“You Can Call Me Speed.”

My name is Max, but you can call me Speed. 

Yeah, that’s right, Speed. That’s because I’m the fastest ten year old boy you’ll ever meet. And I can prove it.  

Me and all the other boys on my street do races every Sunday afternoon when our parents sit around doing nothing. Sunday afternoons are our time. Most of us want to get to the Olympics someday, so that’s why we run so much. 

It was a Sunday in mid August, the hot kind of day where you can taste your sweat in the air. Me and all the other guys pulled off our shirts first chance we got, then we lined up at our starting line next to the J&E’s BBQ.  The biggest boy, Ralph, shouted, “BANG!” like a gun, then we were off.  
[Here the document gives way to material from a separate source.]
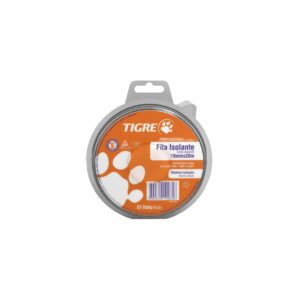 Fita Isolante Tigre Profissional 20M Tigre 54502605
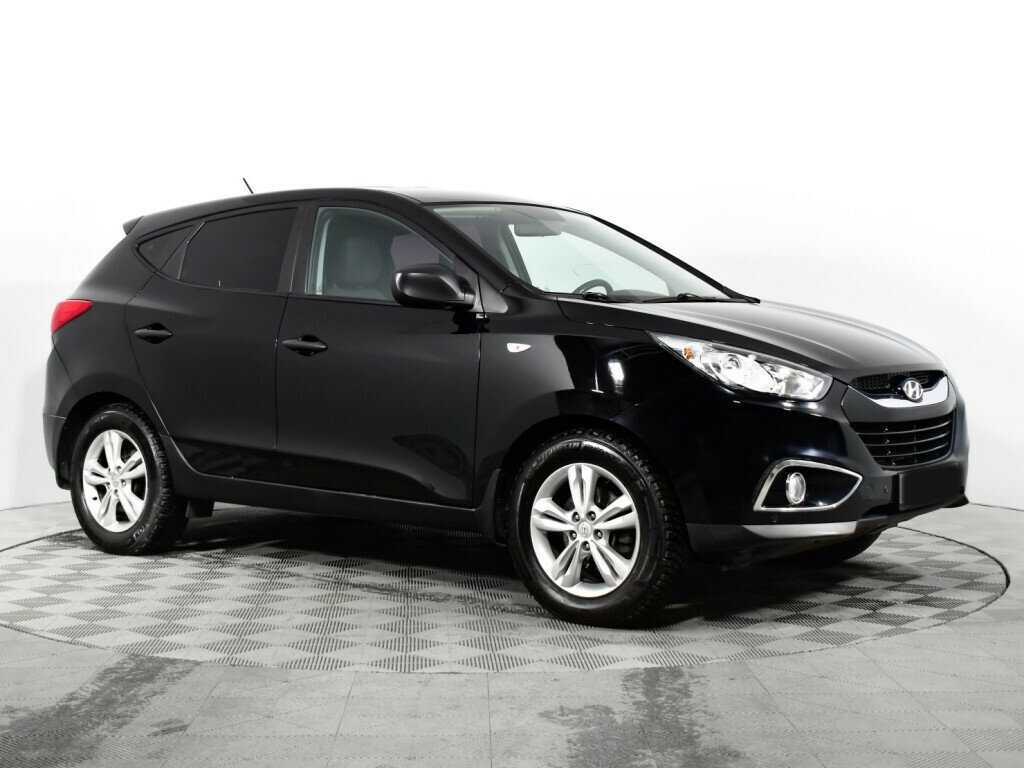 Hyundai ix35, 2013 - Фото №2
I had taken off my shoes, ’cause that helps me go faster. My toes splayed, kicking up dirt and grass.
One, two, three four, I counted in my head in time with my feet.
I looked up and in front of me I saw the thighs and dirty feet of the boys in front of me.  

Dang, I thought, I gotta go faster. 

I lowered my head like a charging bull.
Trees whizzed past on my left and right and the ground comes up to meet me.
One two three four one two three four,
faster, faster, faster. 

My legs burned. Sweat trailed down my nose and into my eyes. My arms swung backwards, forwards, fists clenched.
That’s when I saw a wasp. A big one, big and black and coming right for me. 

I don’t want you to get the wrong idea. I ain’t scared of nothing. But wasps aren’t the friendliest, and this one was the size of a walnut and coming right for me with a vengeance. 
I ducked my head, arms flailing to shield myself, but I didn’t stop running. I thought I lost the wasp. 

I laser beamed my eyes on the boy in front of me and push myself harder.  There was the finish line, just at the end of the road. There was just one boy ahead of me now.  

I felt something crawling up my back through a layer of sweat.  

“AARGH!!” I roared, trying to brush it away using my hands, but I couldn’t reach it.  

The next thing I knew I passed the line and the boys are flocking ’round me.  

“Dang, Max, I never seen you run so fast before,” Sam told me.
But I’m jumping up and down, madly trying to get that darned killer wasp off me. Sweat streams into my eyes.
Then it’s gone. I stop moving and watch as the black terror leisurely buzzes off. 

“One minute, thirty seconds,” our watch-holder Jim told me. “You won, Max.” 

And that’s the story of how I got my name. You can call me Speed.